Editorial: New Mexicans need proposed retirement savings plan

Today’s job prospectors want to know about benefits such as health insurance premiums and deductibles, maternity and paternity leave, vacation accrual and comp time. Living paycheck to paycheck focuses your attention on covering monthly bills rather than setting some aside for a nest egg.

And so, is it any surprise just 56% of N.M. workers age 50 or older have any retirement savings at all – and only 27% of them have stashed away $10,000 or more?

That’s likely in great part because 62% of New Mexico’s private-sector employees, about 336,000 workers, have zero, zip, nada access to a retirement savings plan through their employers, according to AARP. That lack of savings makes retirement a hard place in New Mexico, considering the average Social Security benefit in our state is just $13,900 a year, less than half of the $28,000 the U.S. Bureau of Labor Statistics says is needed for food, housing and health care.
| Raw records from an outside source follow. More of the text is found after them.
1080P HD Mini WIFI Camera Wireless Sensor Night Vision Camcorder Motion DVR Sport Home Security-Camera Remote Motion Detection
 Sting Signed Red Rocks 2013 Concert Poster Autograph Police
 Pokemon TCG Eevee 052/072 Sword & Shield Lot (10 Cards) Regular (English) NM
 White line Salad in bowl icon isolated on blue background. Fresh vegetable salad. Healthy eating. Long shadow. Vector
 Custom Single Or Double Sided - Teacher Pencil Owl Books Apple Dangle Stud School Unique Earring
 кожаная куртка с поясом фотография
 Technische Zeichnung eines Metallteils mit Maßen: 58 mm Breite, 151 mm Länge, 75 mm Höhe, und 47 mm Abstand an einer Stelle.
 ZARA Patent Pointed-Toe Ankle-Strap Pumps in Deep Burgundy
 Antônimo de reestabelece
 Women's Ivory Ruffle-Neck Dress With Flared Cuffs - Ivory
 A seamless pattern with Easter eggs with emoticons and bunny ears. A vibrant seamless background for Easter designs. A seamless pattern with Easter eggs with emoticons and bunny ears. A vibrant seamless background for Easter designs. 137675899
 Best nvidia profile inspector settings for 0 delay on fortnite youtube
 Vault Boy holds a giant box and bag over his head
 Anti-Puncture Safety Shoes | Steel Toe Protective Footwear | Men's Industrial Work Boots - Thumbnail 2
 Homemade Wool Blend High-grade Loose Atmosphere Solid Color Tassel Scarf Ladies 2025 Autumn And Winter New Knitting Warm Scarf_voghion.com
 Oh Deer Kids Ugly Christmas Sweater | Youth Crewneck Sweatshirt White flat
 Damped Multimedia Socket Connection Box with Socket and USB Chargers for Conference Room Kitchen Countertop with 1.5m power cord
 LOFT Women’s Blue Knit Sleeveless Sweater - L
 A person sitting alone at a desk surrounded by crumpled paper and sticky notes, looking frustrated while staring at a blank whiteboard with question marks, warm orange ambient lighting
If our retirees only knew then what they know now and had had an avenue to save a bit every paycheck.

House Bill 44, the New Mexico Work and Save Act, sets up a web-based method for future New Mexican retirees to help themselves. It creates voluntary state-sponsored Individual Retirement Accounts, similar to Roth IRAs, in which self-employed and private-sector employees could have payroll deductions placed into retirement savings plans. The cost would be minimal, as New Mexico would be able to join forces with any of the 10 states that already have adopted a similar setup, and modest fees capped at 1% are to ensure the system is self-sustaining within five years.

It’s not mandatory – businesses choose to participate, as do employees, who can determine how much to contribute from each paycheck, up to $5,000 a year. And we all know saving is easier if you don’t see that $5, $10, etc. in your paycheck; you don’t miss it. And as it accumulates in that retirement account, earning compound interest, the prospect of having to make ends meet on $13,900 a year becomes less likely.

The bipartisan bill cruised through the House by a 62-1 vote and is now in the Senate with just a week left in the session. HB 44 is a much-needed effort at preventing another generation of retirees from falling into poverty. The Senate should pass this bill and get it to the governor so more New Mexicans have the option to build their nest eggs through payroll deductions.